I wanted to use our time with the family therapist to talk about the textbook depression-speak we’d found in their messages to their boyfriend that week. I shouldn’t be alive. Everyone would be better off without me. Reluctantly, we had begun monitoring our kid’s phone, precisely because of these sorts of statements. As parents, we wanted a plan for supporting them and help deciding whether to start them on an anti-depressant. Instead, four adults were held captive by their headphones not working and their refusal to go into the next room and be in the same Zoom square as their Mama.
After that session, I texted a friend who knows my kid and has worked in residential settings with similar youth. She summed it up well: I hate that they don’t take anything seriously but they also voice distress all the time. Yeah, I hate that, too. I also texted my two co-parents to say: I know we’re asking a lot of them and maybe they’re showing up as best they can. Is expecting them to come to session without all the accoutrements too much?
It's scary to hold all this uncertainty with my teenager and to read that they’re suicidal or want to hurt themself. For me, feeling out of control about the state of our teenager’s room sits right next to my bigger fears for their safety, the way those dirty socks and food wrappers coexist on their bedroom floor, but far more dire. Maybe what I sought with my post was for other parents who’ve been there to read between the lines and notice what I’m really afraid of. But some combination of pride and self-judgment edited out any hint from my post that there was more at play than a teenager’s messy room.
Before posting the photo, I texted it to my teen with this message: Hey Bub. These are all the things I pulled from your room after you left. Not cool! Please do not keep food or dishes in your room. Thank you!
They replied: okay okay.
I wish dirty dishes were the only problem. Even if they made ants.
If you are in crisis in the United States, you can call 988 to reach the Suicide and Crisis Lifeline, or contact the Crisis Text Line by texting HOME to 741741, 24/7. Click here for international suicide hotlines.

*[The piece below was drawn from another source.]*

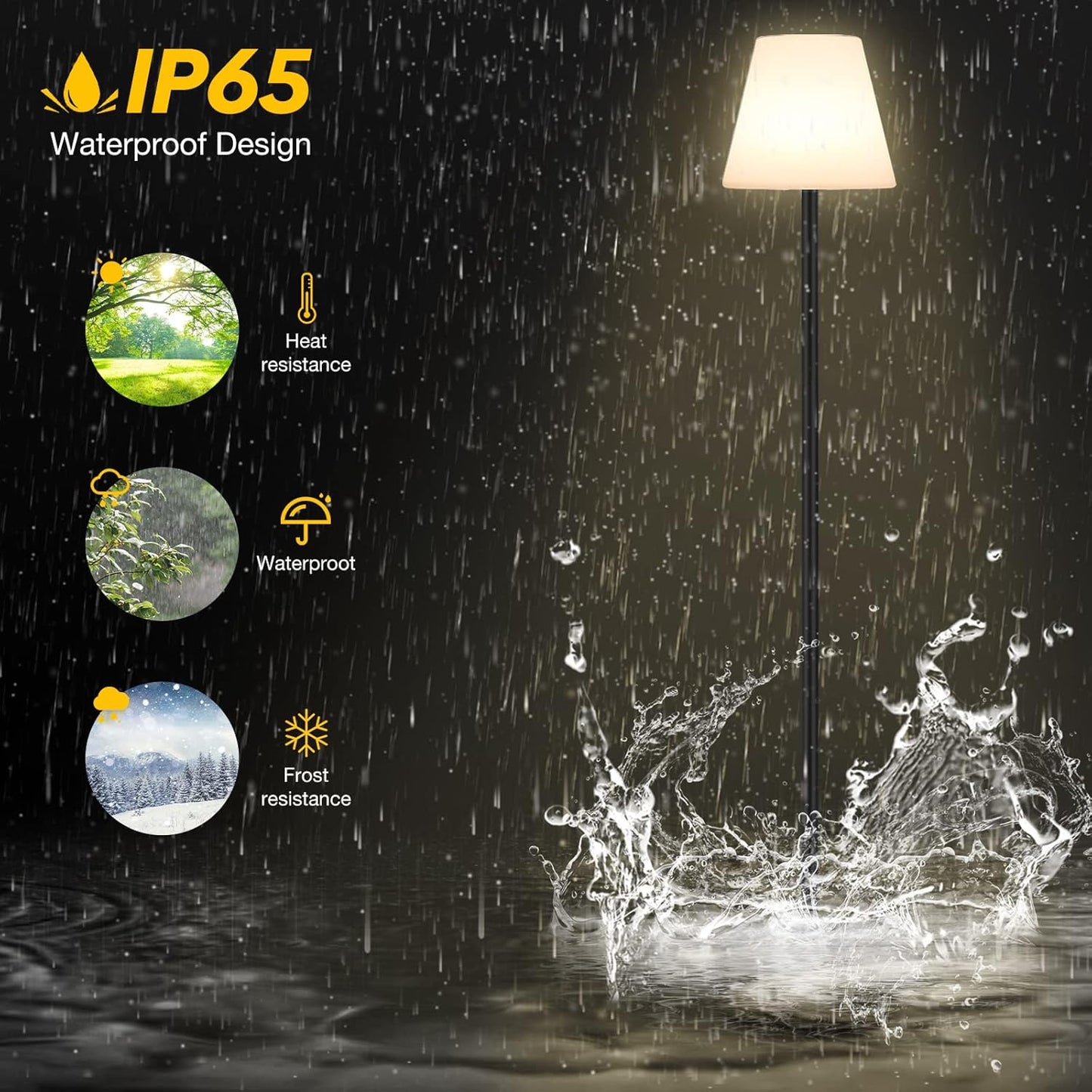 Licmic Solar Stehlampe Outdoor Stehlampe mit Lichtsensor,Dimmbar Warmweiß und RGB Akku stehlampe kabellos,USB Aufladbar LED Solarlampen für innen,Wasserdicht Stehlampe Außen für Terrassen、Garten. [Energieklasse F]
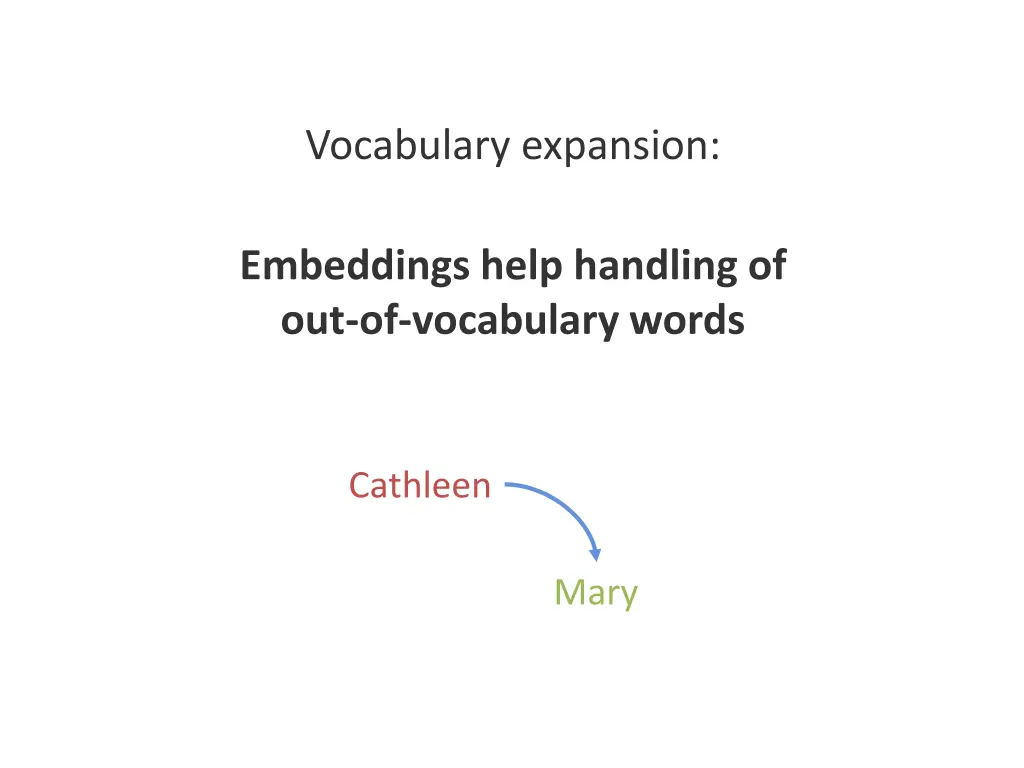 vocabulary expansion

Meg Weber writes memoir about sex, grief, family, therapy, and tangled relationships. She is the author of A Year of Mr. Lucky and is at work on her second memoir. She is a mental health therapist in her hometown of Portland, Oregon where she lives with her teenager and their labradoodle named Portland. Find her at www.MegWeberWriter.com
Great piece. You are doing your best. Parenting a teen is so complicated now (I suppose it always was, but post-pandemic life, anxieties, the internet...so many new factors.) Keep up the good work.
Thanks for writing this Meg. I have a 9 year old with similar and various mental health issues. I often think about what we post on our social media vs how things really are on a daily basis behind the scenes.